Stored entries
^^^^^^^^^^^^^^^^
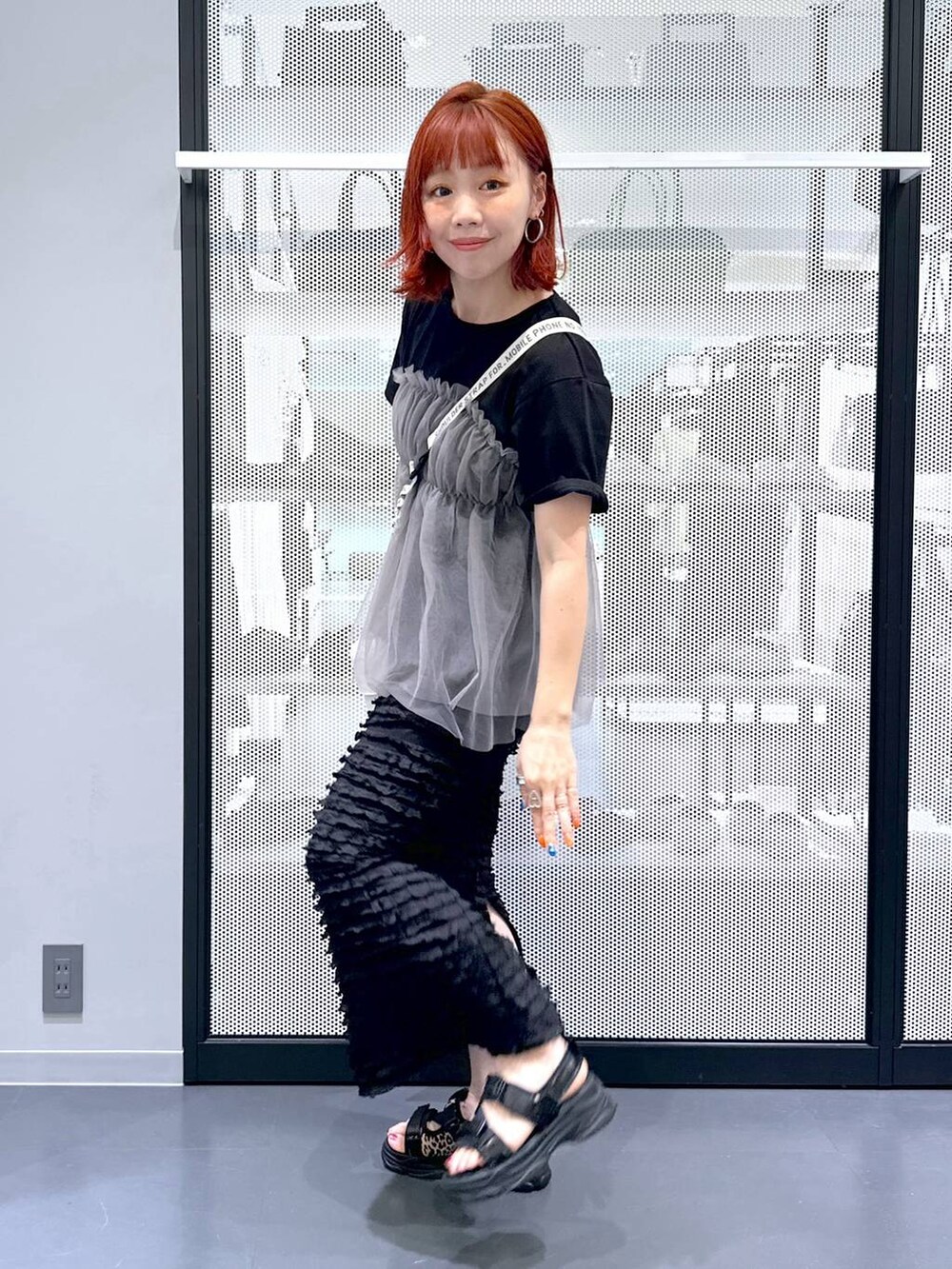 その他のサンダル、ブラック系のTシャツ/カットソー、ブラック系のショルダーバッグを着用したレディースの夏コーディネートの2枚目の写真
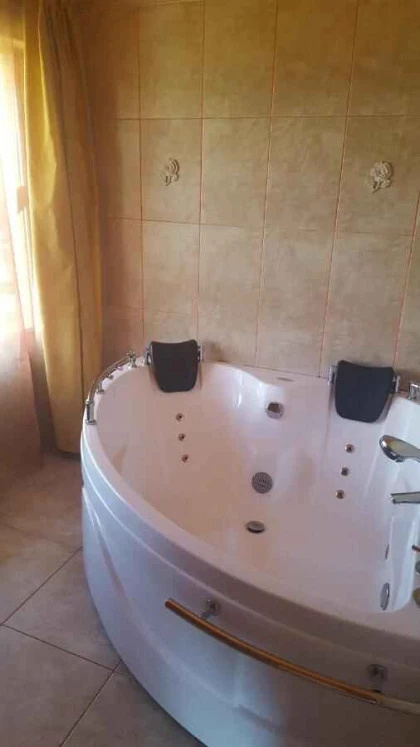 Jacuzzi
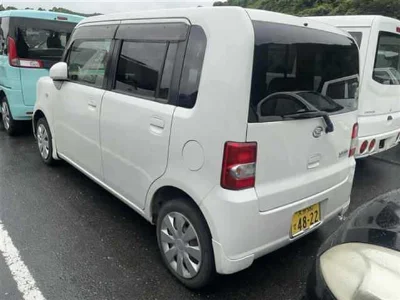 DAIHATSU MOVE CONTE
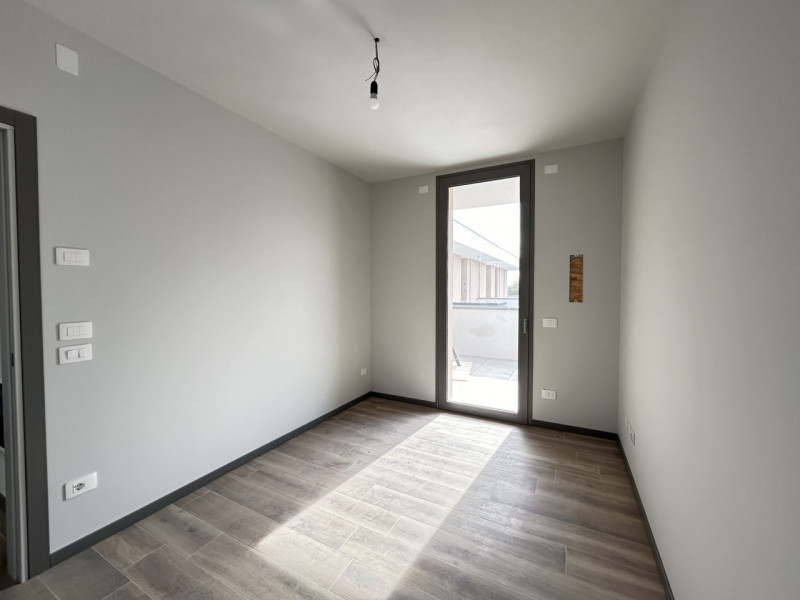 TRICAMERE PRIMO E ULTIMO PIANO CON TERRAZZONE DI BEN 19 MQ!
Quando vieni a scoprirlo? Telefona ad...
^^^^^^^^^^^^^^^^
EXERCISE PROMPT: What is needed here is an exact copy of every record, with the pictures left out.

ANSWER SECTION:
 その他のサンダル、ブラック系のTシャツ/カットソー、ブラック系のショルダーバッグを着用したレディースの夏コーディネートの2枚目の写真
 Jacuzzi
 DAIHATSU MOVE CONTE
 TRICAMERE PRIMO E ULTIMO PIANO CON TERRAZZONE DI BEN 19 MQ!
Quando vieni a scoprirlo? Telefona ad...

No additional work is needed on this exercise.